HATSMAOUT ET NAKBA : LES OCCASIONS RATÉES partie 1/3


HATSMAOUT ET NAKBA : LES OCCASIONS RATÉES

La Palestine mandataire
Partie-1/3 : 1914-1947 

Par Jacques BENILLOUCHE
Copyright © Temps et Contretemps


Manifestation de la Nakba
         
          David Ben Gourion a déclaré l’indépendance de l’État d’Israël le 14 mai 1948, jour considéré par les Arabes comme deuil pour marquer la Nakba (catastrophe). Les événements contemporains ont escamoté la genèse du conflit avec ses racines profondes enfouis dans l’amertume des échecs arabes et des drames qui ont marqué la région. 
          Merci à mon ami Bernard Allouche qui m’a soufflé l’idée d’analyser cette période controversée dont on connaît certes la trame mais dont les faits têtus sont souvent volontairement éludés. Les germes du conflit expliquent les blocages politiques actuels et mettent surtout en évidence les nombreuses occasions manquées par les Arabes. L'histoire juive n’est pas constituée seulement de faits et de dates mais d’inspiration et de foi, de vision et de destinée.



Chute de l’Empire ottoman

Empire ottoman
            
          La Première Guerre Mondiale a mis fin à l’Empire Ottoman qui a été ensuite dépecé par les puissances occidentales pour créer à la place des entités artificielles alliées, entièrement dévouées à leur cause. Les Britanniques, fidèles à leur politique consistant à diviser pour régner, ont alors songé à satisfaire les espérances arabes et juives.
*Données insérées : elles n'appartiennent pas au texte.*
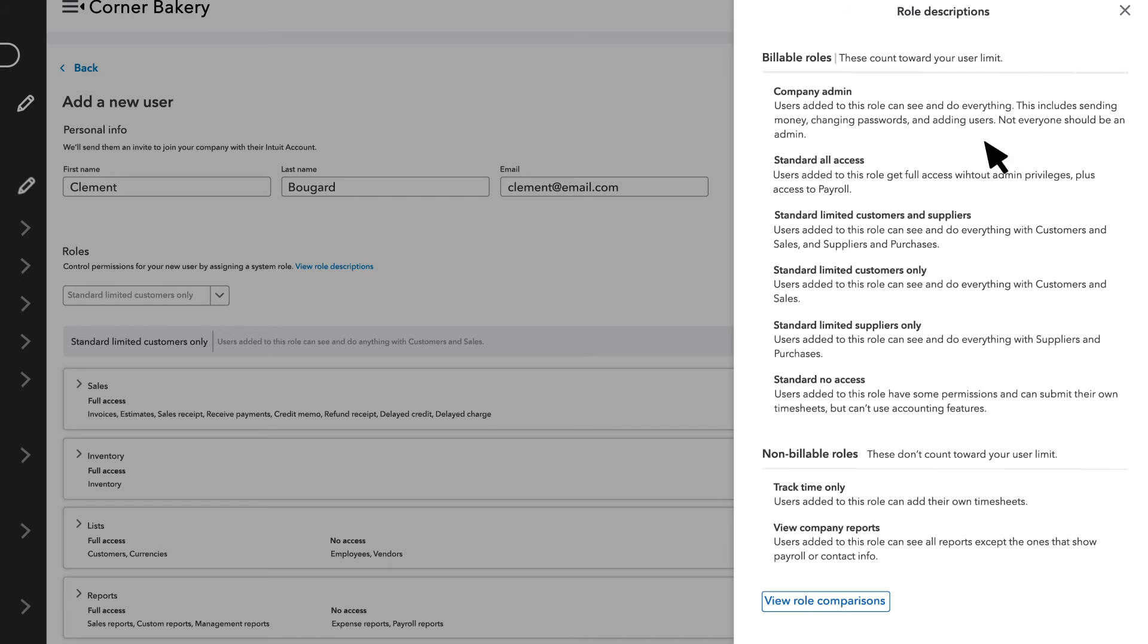Note that each QuickBooks plan comes with a user limit. These users count towards your user limit, and these users don't.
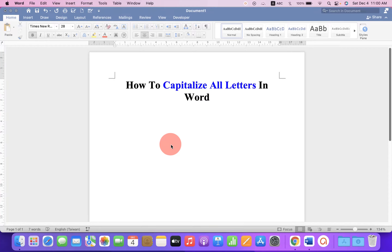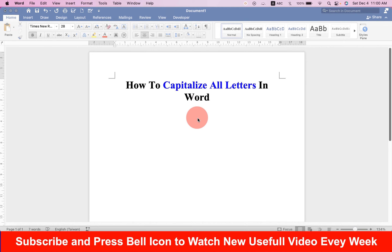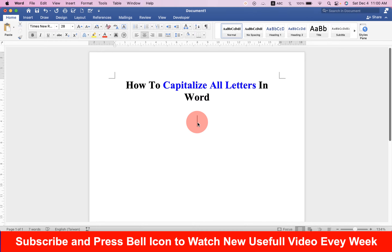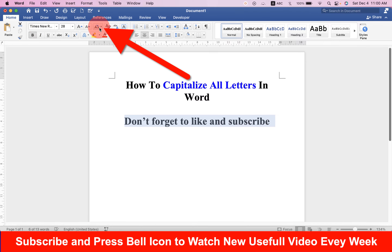In this quick tutorial you will see how to capitalize all letters in a Word document. First, type the text you want, then select the text you want to capitalize. Under the Home tab you will see the option Change Case.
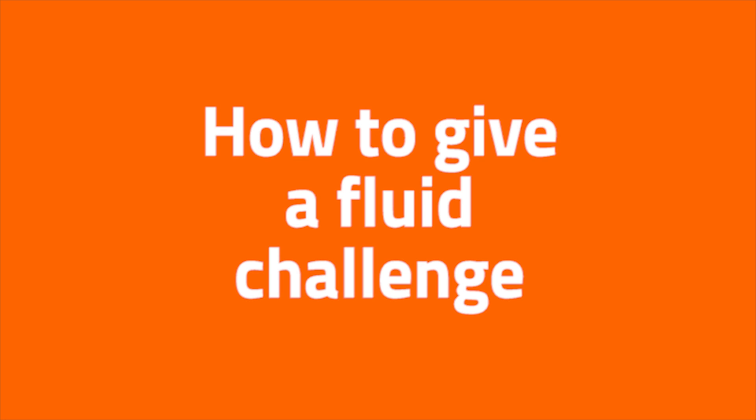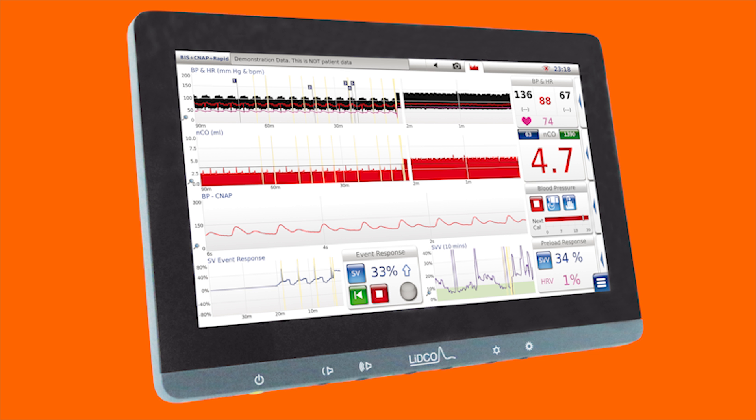Hi there! In this short video, I will take you through how to give a fluid challenge. When giving a patient a fluid challenge, you can program this on the LitGo, which will continuously track the changes and give you a direct stroke volume percentage change. This can be achieved by four steps on the monitor.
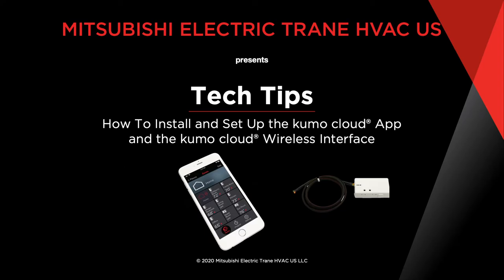In this video, we will demonstrate the proper steps required to install and set up the Kumo Cloud app on your mobile device.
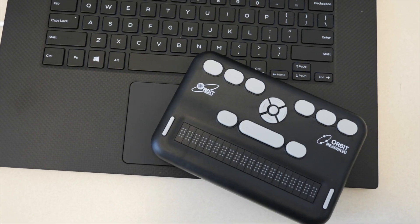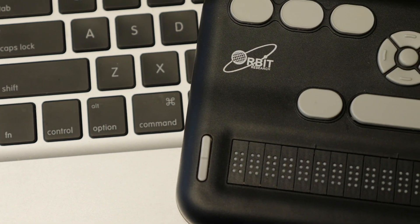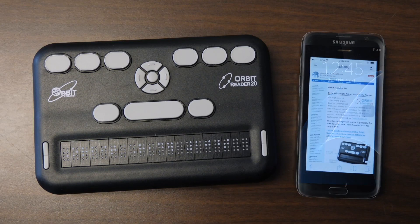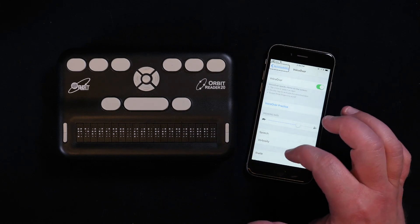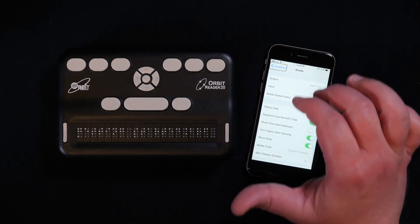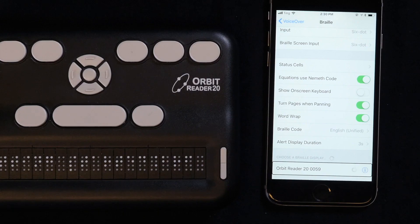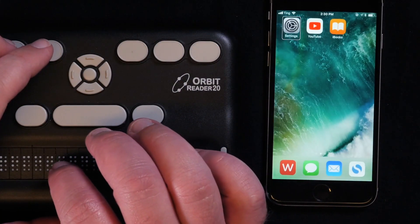The second mode for accessing content on your Orbit Reader is Remote Mode. With this, you can connect or pair your Orbit Reader to any other device that has a screen reader. When you use your Orbit Reader as a braille display for another device, the screen reader on that device provides the translation and other braille settings, translating text into the braille code of your choice.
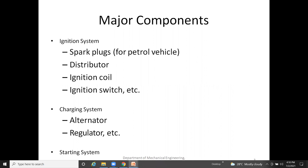The major electrical components in automobile vehicles include the ignition system, which uses spark plugs in petrol vehicles, along with a distributor, ignition coils, and ignition switch. The charging system includes the alternator and regulator, and there is also a starting system. These are the different types of electrical systems in automobile vehicles.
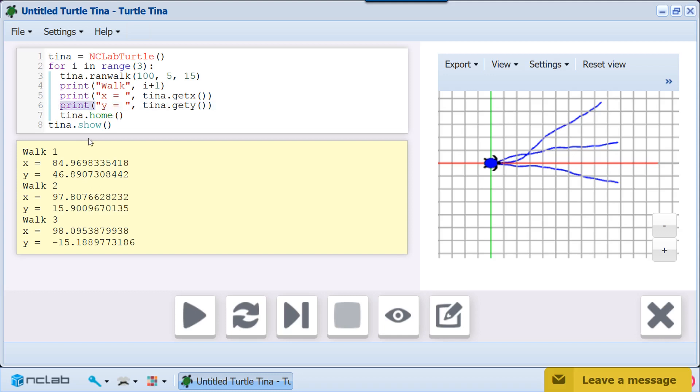We can write a program that creates random walks using the RanWalk function and even display several walks on the same graph using a for loop. Random walks are an important statistical tool and are used to analyze events or even build vacuuming robots.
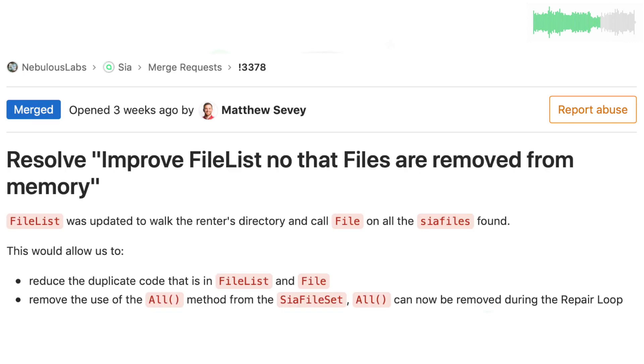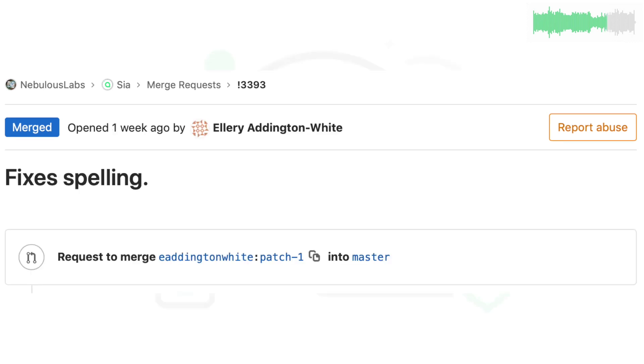Matt updated the file list, which results in various improvements. And E Addington White fixed some typos in the docs and debug messages.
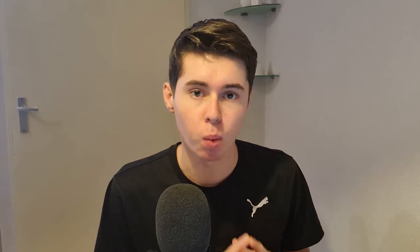Before we get into that, make sure you go ahead and leave a like on the video and let me know in the comments down below what kind of blog you want to create. Let's dive into my PC and find out how we can create a blog in 2020 on Wix.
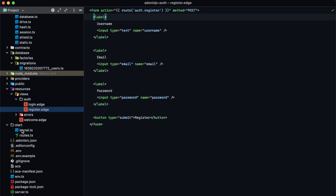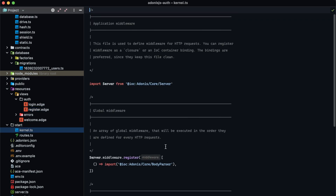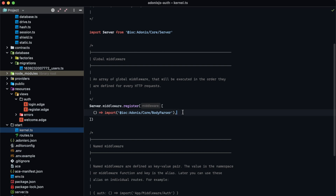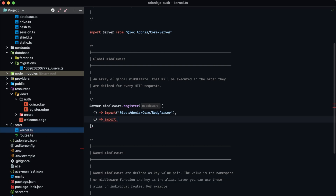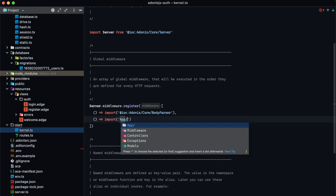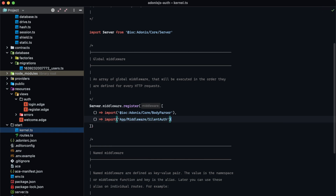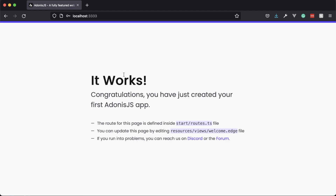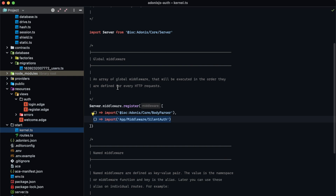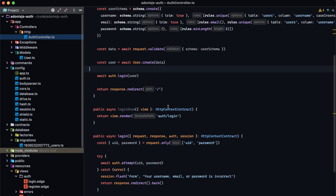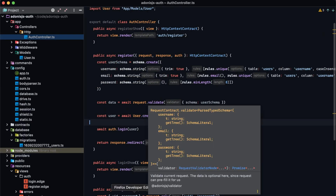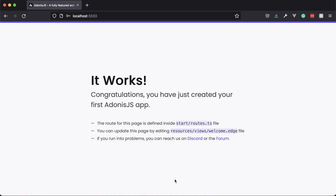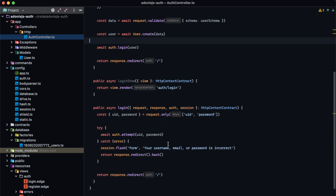One last thing we need to do so our authentication session carries through is within our middleware under start kernel for our global middleware — let's import app middleware silent auth. That's going to carry our user session through to the request so it's actually populated within auth, so that whenever we do checks or try to get auth.user within our controllers, that user will be populated.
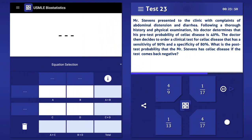Mr. Stevens presented to the clinic with complaints of abdominal distention and diarrhea. Following a thorough history and physical examination, his doctor determines that his pretest probability of celiac disease is 40%. The doctor then decides to order a clinical test for celiac disease that has a sensitivity of 90% and a specificity of 80%. What is the post-test probability that Mr. Stevens has celiac disease if the test comes back negative?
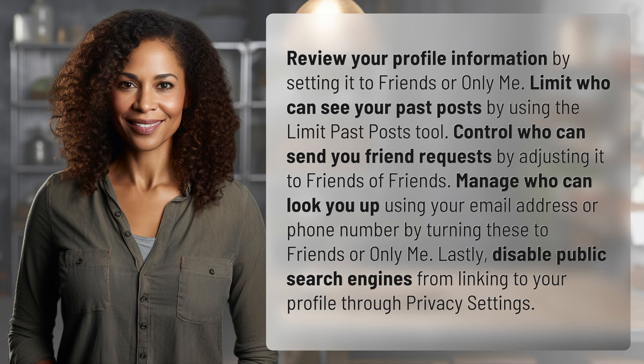me. Lastly, disable public search engines from linking to your profile through privacy settings.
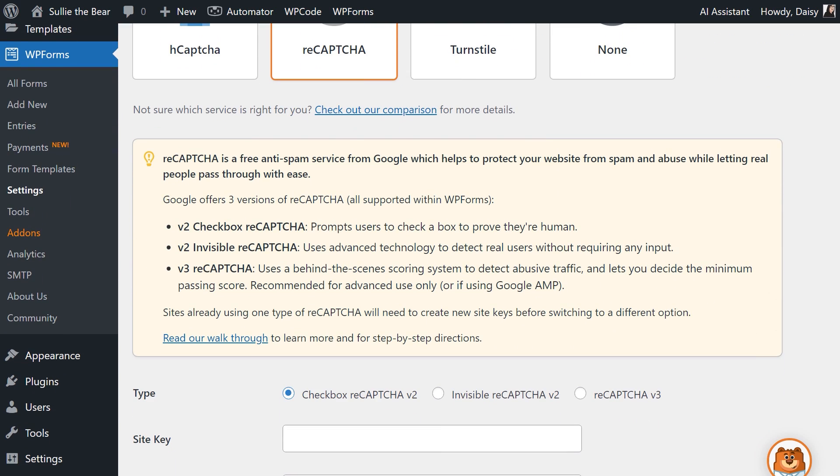V2 Checkbox ReCAPTCHA is one you've probably seen a lot, where a user needs to check a box to prove that they're in fact human before proceeding. V2 Invisible ReCAPTCHA is one that runs in the background and is not visible on the front end to users. V3 ReCAPTCHA also runs in the background, but it uses a scoring system to detect abuse traffic and lets you decide a minimum passing score before it'll block a user. This option's recommended for advanced users only or if you're using Google AMP.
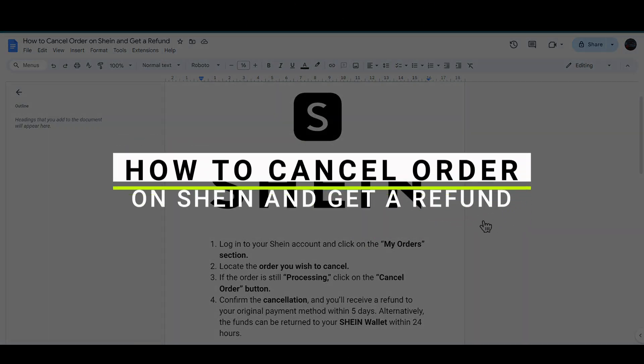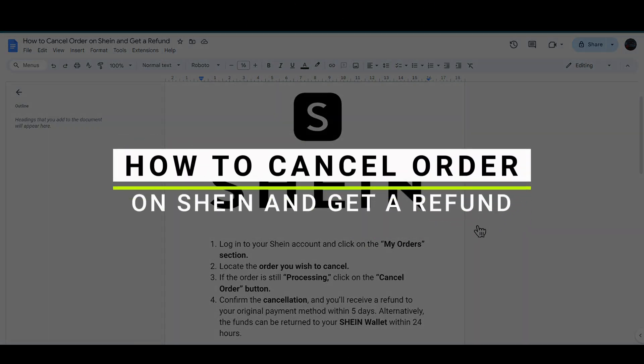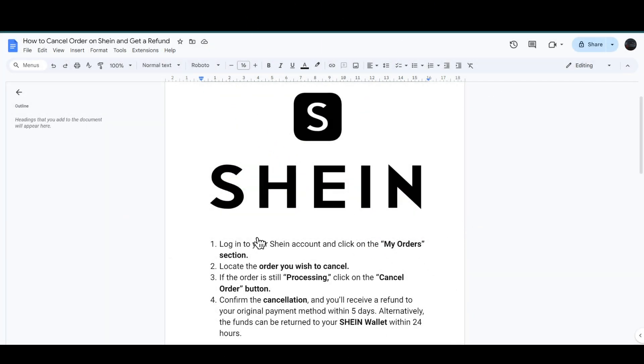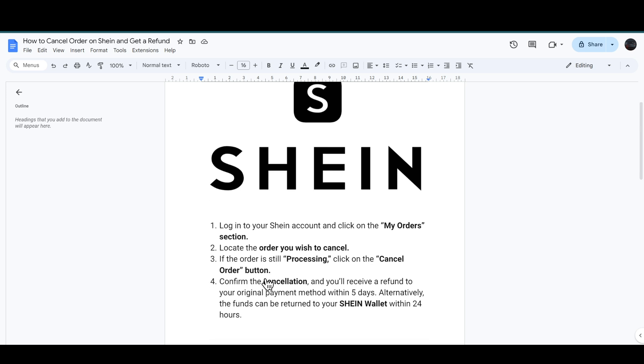How to cancel an order on Shein and get a refund. Let's get started. You have to login to your Shein account and click on the My Orders section, then locate the order you wish to cancel.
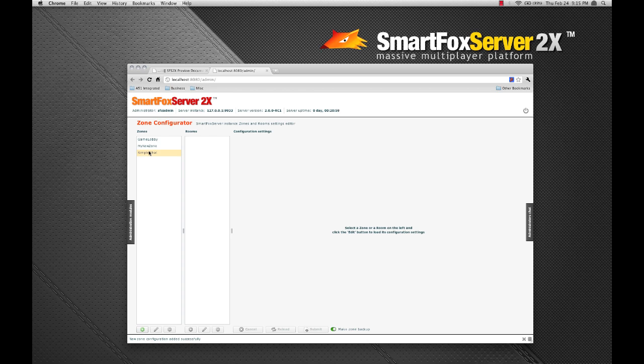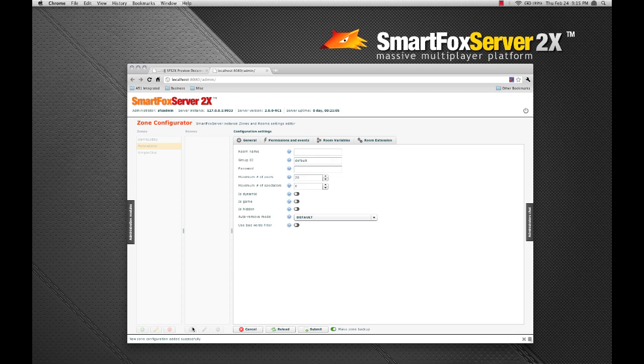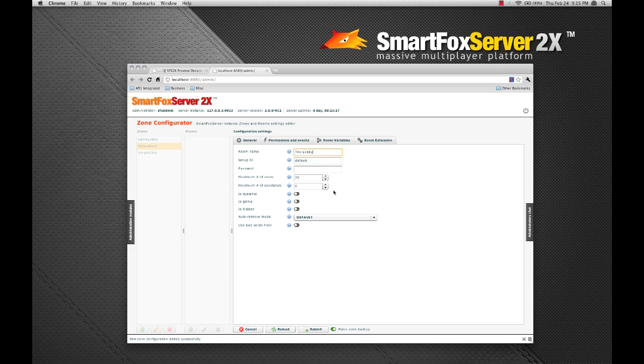So let's go ahead and make a new room for our zone. Let's click on our zone and then click the add room button. This will bring up the general settings. Let's give our new room a name of the lobby and leave most of the settings as their defaults.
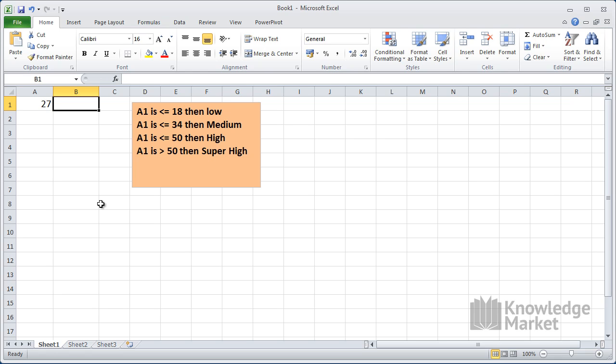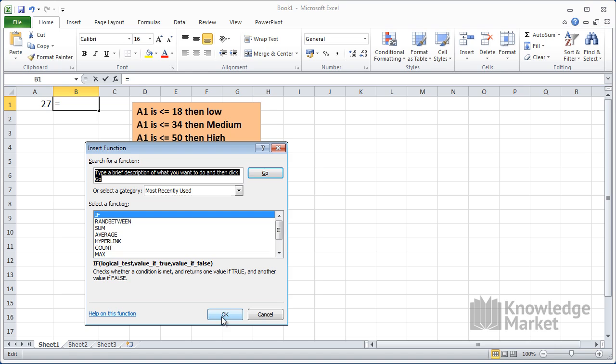And I'm going to do this using the exact same values that you've used. First, my cursor is selected on B1, I'm going to click onto the FX and open up the IF function.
Par la déclaration Balfour du 2 novembre 1917, le secrétaire d’État britannique aux affaires étrangères, Arthur Balfour, avait informé que «le gouvernement de Sa Majesté envisage favorablement l'établissement en Palestine d'un foyer national pour le peuple juif». Mais craignant des réactions violentes, les Britanniques n’ont jamais fait part aux Arabes de leurs intentions réelles. Ce fut la première erreur qui devait définitivement instiller la méfiance sur les relations futures. Cependant par réciprocité, ils n’avaient pas oublié la promesse faite aux Arabes de leur réserver le territoire s’étendant de la pointe de l’Arabie à la frontière  turque.
Déclaration Balfour

            Plusieurs vagues d’alyah avaient alors été organisées par les mouvements sionistes pour augmenter les populations agricoles de la région, sous l’œil bienveillant des autorités ottomanes intéressées par la mise en valeur de terres arides grâce aux investissements effectués par la famille Rothschild. Les sionistes exploitèrent les lacunes du cadastre ottoman qui ne mentionnait que les chefs de village comme propriétaires des terres. Ils en profitèrent pour acheter des lots à des chefs locaux avides de bonnes affaires pour consolider leur influence au sein de leur clan.
Haganah

            La Société des Nations, ancêtre de l’ONU, décida à la conférence de San Remo de 1920 de donner un mandat au Royaume-Uni pour administrer la vaste étendue comprenant la Jordanie et une partie du Golan. Les Anglais en avaient retiré les quatre-cinquième pour le donner à un émir du Hedjaz qui avait appelé son nouveau domaine «royaume hachémite de Transjordanie». Le mandat imposait aux Britanniques de «créer en Palestine un foyer national pour le peuple juif, étant clairement entendu que rien ne sera fait qui puisse porter atteinte aux droits civiques et religieux des collectivités non juives existant en Palestine».
          Les populations arabes avaient refusé d’être mises devant le fait accompli et marquèrent leur opposition par des émeutes anti juives que les Anglais se gardèrent bien de sanctionner. Les Juifs ont donc été contraints de s’organiser en milice d’auto-défense, la Haganah, contrôlée et financée par le syndicat juif Histadrout. Les Arabes obtinrent cependant satisfaction puisqu’ils avaient reçu en 1922 des Anglais l’assurance que ce vaste territoire serait partagé entre eux et les Juifs.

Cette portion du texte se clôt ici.